Records:
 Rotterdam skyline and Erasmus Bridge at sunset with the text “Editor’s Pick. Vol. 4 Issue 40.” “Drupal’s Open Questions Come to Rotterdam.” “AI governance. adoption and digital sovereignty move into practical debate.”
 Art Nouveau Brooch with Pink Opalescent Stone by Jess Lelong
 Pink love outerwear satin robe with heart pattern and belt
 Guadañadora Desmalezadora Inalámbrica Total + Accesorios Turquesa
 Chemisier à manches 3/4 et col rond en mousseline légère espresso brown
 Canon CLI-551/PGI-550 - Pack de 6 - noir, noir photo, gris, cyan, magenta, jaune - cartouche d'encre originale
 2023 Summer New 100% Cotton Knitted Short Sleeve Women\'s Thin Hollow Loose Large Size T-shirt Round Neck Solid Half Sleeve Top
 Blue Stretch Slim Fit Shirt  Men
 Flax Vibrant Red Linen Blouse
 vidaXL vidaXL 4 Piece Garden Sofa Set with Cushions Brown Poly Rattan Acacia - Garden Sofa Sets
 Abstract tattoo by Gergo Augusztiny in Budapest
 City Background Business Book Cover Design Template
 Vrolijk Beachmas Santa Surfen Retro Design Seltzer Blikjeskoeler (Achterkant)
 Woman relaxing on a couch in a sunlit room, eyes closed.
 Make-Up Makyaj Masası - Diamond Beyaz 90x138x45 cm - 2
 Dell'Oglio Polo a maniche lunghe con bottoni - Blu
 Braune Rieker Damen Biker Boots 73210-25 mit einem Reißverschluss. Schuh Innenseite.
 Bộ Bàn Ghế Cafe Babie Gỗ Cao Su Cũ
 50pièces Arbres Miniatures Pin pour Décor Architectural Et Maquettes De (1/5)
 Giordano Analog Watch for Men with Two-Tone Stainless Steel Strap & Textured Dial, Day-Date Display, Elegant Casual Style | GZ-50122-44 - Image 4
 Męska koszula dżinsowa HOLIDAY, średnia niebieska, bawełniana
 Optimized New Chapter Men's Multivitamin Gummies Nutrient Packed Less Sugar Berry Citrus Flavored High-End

Brief: Each record must be output exactly, with none omitted.

Solution:
 Rotterdam skyline and Erasmus Bridge at sunset with the text “Editor’s Pick. Vol. 4 Issue 40.” “Drupal’s Open Questions Come to Rotterdam.” “AI governance. adoption and digital sovereignty move into practical debate.”
 Art Nouveau Brooch with Pink Opalescent Stone by Jess Lelong
 Pink love outerwear satin robe with heart pattern and belt
 Guadañadora Desmalezadora Inalámbrica Total + Accesorios Turquesa
 Chemisier à manches 3/4 et col rond en mousseline légère espresso brown
 Canon CLI-551/PGI-550 - Pack de 6 - noir, noir photo, gris, cyan, magenta, jaune - cartouche d'encre originale
 2023 Summer New 100% Cotton Knitted Short Sleeve Women\'s Thin Hollow Loose Large Size T-shirt Round Neck Solid Half Sleeve Top
 Blue Stretch Slim Fit Shirt  Men
 Flax Vibrant Red Linen Blouse
 vidaXL vidaXL 4 Piece Garden Sofa Set with Cushions Brown Poly Rattan Acacia - Garden Sofa Sets
 Abstract tattoo by Gergo Augusztiny in Budapest
 City Background Business Book Cover Design Template
 Vrolijk Beachmas Santa Surfen Retro Design Seltzer Blikjeskoeler (Achterkant)
 Woman relaxing on a couch in a sunlit room, eyes closed.
 Make-Up Makyaj Masası - Diamond Beyaz 90x138x45 cm - 2
 Dell'Oglio Polo a maniche lunghe con bottoni - Blu
 Braune Rieker Damen Biker Boots 73210-25 mit einem Reißverschluss. Schuh Innenseite.
 Bộ Bàn Ghế Cafe Babie Gỗ Cao Su Cũ
 50pièces Arbres Miniatures Pin pour Décor Architectural Et Maquettes De (1/5)
 Giordano Analog Watch for Men with Two-Tone Stainless Steel Strap & Textured Dial, Day-Date Display, Elegant Casual Style | GZ-50122-44 - Image 4
 Męska koszula dżinsowa HOLIDAY, średnia niebieska, bawełniana
 Optimized New Chapter Men's Multivitamin Gummies Nutrient Packed Less Sugar Berry Citrus Flavored High-End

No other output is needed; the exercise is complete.